Time Series Analysis with ARIMA and ETS Models

Author

Dagmawi Yosef Asagid

Published

March 4, 2026

1 Introduction

This report forecasts US GDP Growth Rate using classical time series methods. GDP growth is one of the most closely watched economic indicators — understanding its trajectory helps businesses, policymakers, and investors make informed decisions.

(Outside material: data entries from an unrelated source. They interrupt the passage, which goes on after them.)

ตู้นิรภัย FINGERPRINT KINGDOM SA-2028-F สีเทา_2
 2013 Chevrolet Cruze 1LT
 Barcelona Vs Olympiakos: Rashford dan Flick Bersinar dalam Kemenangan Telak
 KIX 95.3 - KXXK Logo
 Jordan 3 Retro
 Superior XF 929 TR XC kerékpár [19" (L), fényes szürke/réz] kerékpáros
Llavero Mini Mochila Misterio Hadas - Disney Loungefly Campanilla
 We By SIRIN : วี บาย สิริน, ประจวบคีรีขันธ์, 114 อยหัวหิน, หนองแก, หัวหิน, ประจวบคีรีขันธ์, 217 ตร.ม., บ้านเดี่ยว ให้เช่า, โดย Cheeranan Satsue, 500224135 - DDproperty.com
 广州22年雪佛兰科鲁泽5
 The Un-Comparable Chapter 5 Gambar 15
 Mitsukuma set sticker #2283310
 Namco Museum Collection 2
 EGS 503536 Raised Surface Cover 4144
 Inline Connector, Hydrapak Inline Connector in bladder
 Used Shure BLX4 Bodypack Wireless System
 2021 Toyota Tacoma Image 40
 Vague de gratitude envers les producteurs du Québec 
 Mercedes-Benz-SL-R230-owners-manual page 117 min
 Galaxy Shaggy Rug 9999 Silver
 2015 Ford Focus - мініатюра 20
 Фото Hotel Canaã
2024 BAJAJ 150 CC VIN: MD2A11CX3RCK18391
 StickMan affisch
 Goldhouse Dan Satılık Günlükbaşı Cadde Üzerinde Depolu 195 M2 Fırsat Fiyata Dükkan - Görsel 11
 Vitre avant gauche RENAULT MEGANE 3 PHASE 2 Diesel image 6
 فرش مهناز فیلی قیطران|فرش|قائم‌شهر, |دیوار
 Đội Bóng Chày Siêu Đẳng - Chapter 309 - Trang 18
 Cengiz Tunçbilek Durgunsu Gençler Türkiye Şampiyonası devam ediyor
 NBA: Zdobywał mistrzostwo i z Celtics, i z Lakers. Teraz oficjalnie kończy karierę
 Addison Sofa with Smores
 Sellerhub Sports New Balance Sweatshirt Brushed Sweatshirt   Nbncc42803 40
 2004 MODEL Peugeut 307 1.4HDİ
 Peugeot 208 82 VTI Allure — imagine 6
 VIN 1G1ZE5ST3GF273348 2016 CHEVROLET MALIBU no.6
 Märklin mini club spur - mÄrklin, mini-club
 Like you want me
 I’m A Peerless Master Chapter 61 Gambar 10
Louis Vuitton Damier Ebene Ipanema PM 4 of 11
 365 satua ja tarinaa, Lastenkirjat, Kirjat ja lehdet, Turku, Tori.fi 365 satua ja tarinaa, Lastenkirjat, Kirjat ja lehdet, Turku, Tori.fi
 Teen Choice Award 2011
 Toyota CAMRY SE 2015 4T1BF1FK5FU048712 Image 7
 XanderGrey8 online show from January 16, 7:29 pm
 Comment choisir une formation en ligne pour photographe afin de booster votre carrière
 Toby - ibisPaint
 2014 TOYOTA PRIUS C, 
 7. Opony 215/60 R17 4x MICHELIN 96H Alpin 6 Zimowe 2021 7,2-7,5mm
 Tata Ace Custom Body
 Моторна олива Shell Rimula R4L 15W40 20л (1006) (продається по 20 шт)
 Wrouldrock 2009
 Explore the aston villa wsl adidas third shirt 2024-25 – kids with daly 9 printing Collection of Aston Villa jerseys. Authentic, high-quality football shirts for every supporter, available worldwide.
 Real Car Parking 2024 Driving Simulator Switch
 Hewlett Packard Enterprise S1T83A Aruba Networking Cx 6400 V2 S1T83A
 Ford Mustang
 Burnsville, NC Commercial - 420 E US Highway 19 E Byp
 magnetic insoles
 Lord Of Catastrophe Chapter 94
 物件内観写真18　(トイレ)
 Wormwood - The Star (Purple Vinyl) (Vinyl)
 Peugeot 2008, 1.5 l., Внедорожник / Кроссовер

Using quarterly data sourced from the Federal Reserve Economic Data (FRED), we apply and compare two industry-standard forecasting approaches:

  • ARIMA — captures autocorrelation structure in the series
  • ETS (Exponential Smoothing) — captures level, trend, and seasonality

Skills demonstrated: time series decomposition, stationarity testing, ARIMA/ETS modeling, forecast evaluation, and business interpretation.


2 Data Overview

Show Code
data.frame(
  Statistic = c("Observations", "Start", "End", "Mean Growth (%)",
                "Std Dev", "Min", "Max"),
  Value = c(
    length(gdp_values),
    "1960 Q1",
    "2023 Q4",
    round(mean(gdp_values), 2),
    round(sd(gdp_values),   2),
    round(min(gdp_values),  2),
    round(max(gdp_values),  2)
  )
) |> kable(caption = "US GDP Growth Rate — Summary Statistics")
US GDP Growth Rate — Summary Statistics
Statistic Value
Observations 184
Start 1960 Q1
End 2023 Q4
Mean Growth (%) 3.28
Std Dev 3.8
Min -31.2
Max 33.8
Show Code
autoplot(gdp_ts) +
  geom_hline(yintercept = 0, color = "red", linetype = "dashed") +
  labs(title    = "US GDP Growth Rate (Quarterly, 1960–2023)",
       subtitle = "Annualized % Change | Source: FRED",
       x = NULL, y = "GDP Growth (%)") +
  theme_minimal() +
  theme(plot.title = element_text(face = "bold"))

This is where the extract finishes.